Concert just completed a lease renewal with a 120,000 square foot industrial tenant that saw its rent go from $7 to $18 a square foot, with built-in escalations, so Tong thinks the asset class “still has lots of legs.”
Gallagher said large industrial developers operating in multiple Canadian markets will seek lower-cost opportunities. He mentioned how much cheaper it is in Calgary than in Vancouver, as an example.
“I can get a great facility, a great workforce and all the land I need, so I think Calgary will continue to be the hub of industry in Western Canada,” said- he explained. “I think Vancouver will be a great location, but because there’s so little land, it won’t attract the big logistics facilities.
Gallagher mentioned Oxford Properties‘ multi-storey industrial project at Riverbend Business Park in the Vancouver suburb of Burnaby (fully leased to Amazon).
Such buildings, however, are difficult to achieve on a large scale, so he doesn’t expect to see many between 500,000 and one million square feet.
Mayes cited an industrial vacancy rate of less than 1% and rental rates that have doubled in parts of the Montreal market. Large tracts of brownfields around the city center that were previously unattractive to develop are now open, she added.

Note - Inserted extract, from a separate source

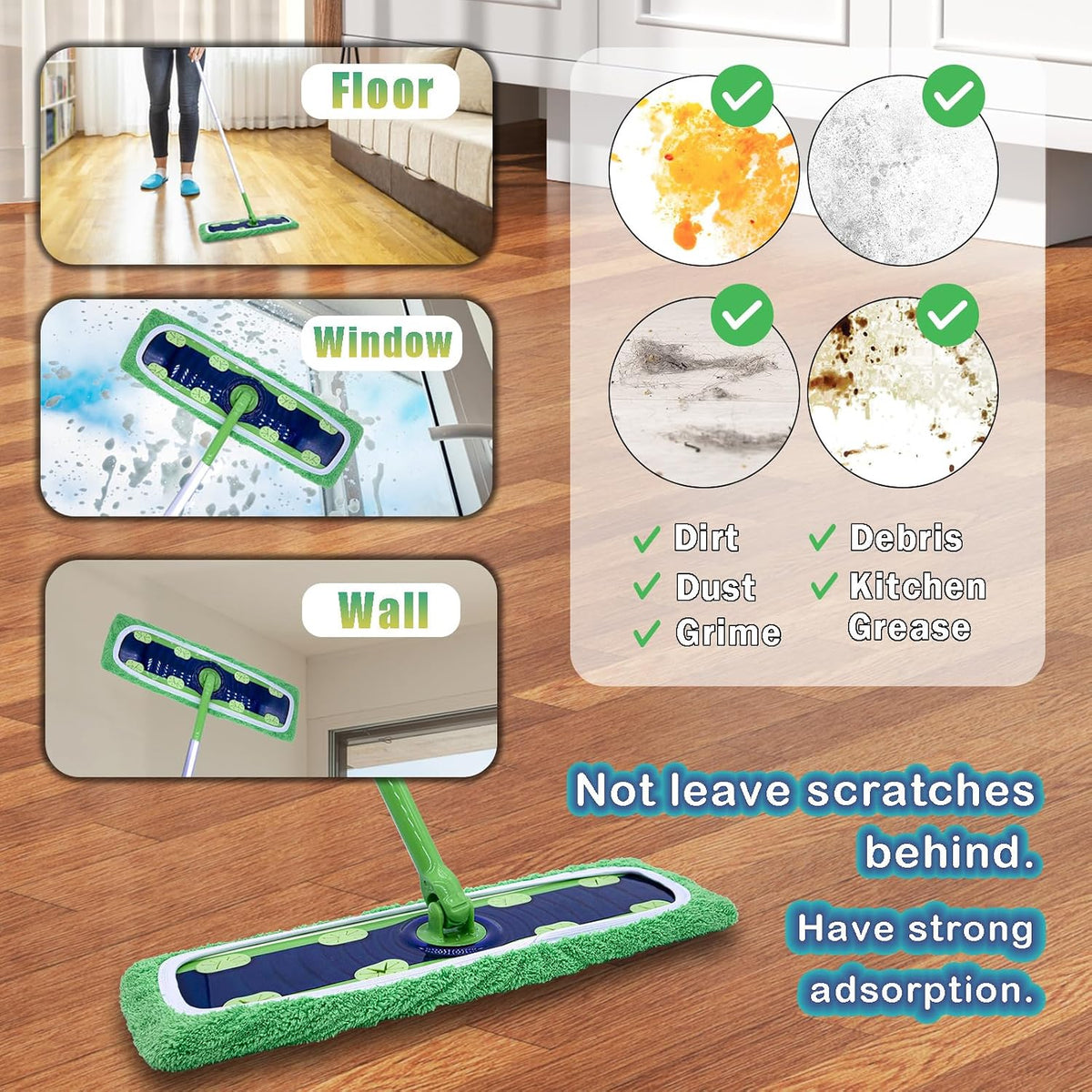 4 Pack XL Microfiber Mop Pads Compatible with Swiffer XL Mop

Office space in Alberta represents about 0.8% of Concert’s portfolio and the company was considering converting an office building to multi-residential as the city encourages such moves. It was decided, however, that such a transition would not work out financially in this case.
Concert converted a well-located Victoria Hotel into an apartment block, but Tong said costs increased due to the condition of the building’s superstructure.
Gallagher said it’s generally not worth the cost and effort it takes to convert old office buildings to other uses.
Environmental, social and governance factors
Costello noted that increasing environmental regulations are forcing or will require owners of older buildings to make significant improvements in performance and reducing carbon emissions. New buildings will also have to meet new high environmental standards.
Costello asked how this impacts building owners and developers.
Tong said investors, especially institutional investors, demand that developers and building owners have strong environmental, social and governance plans for their portfolios.
Gallagher said a major challenge is that regulations often change faster than large buildings can be built, so developers are forced to adapt and react on the fly.